Extracted records
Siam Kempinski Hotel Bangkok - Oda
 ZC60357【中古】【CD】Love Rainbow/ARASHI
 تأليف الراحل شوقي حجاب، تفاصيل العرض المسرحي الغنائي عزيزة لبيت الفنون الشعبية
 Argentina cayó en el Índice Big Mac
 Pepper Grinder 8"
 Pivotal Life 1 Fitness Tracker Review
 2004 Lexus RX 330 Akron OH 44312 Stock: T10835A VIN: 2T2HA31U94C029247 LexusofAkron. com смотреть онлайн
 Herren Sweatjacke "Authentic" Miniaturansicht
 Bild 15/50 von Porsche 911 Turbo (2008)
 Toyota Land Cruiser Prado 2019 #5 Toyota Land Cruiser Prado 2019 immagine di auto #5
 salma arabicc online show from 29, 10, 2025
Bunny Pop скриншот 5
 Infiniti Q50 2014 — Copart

**WHAT YOU HAVE TO DO**:
Look for "2004 Lexus RX" in the records. Write out its line and every later line through the end exactly, with nothing more.

**SOLUTION FOR THIS PROBLEM**:
 2004 Lexus RX 330 Akron OH 44312 Stock: T10835A VIN: 2T2HA31U94C029247 LexusofAkron. com смотреть онлайн
 Herren Sweatjacke "Authentic" Miniaturansicht
 Bild 15/50 von Porsche 911 Turbo (2008)
 Toyota Land Cruiser Prado 2019 #5 Toyota Land Cruiser Prado 2019 immagine di auto #5
 salma arabicc online show from 29, 10, 2025
Bunny Pop скриншот 5
 Infiniti Q50 2014 — Copart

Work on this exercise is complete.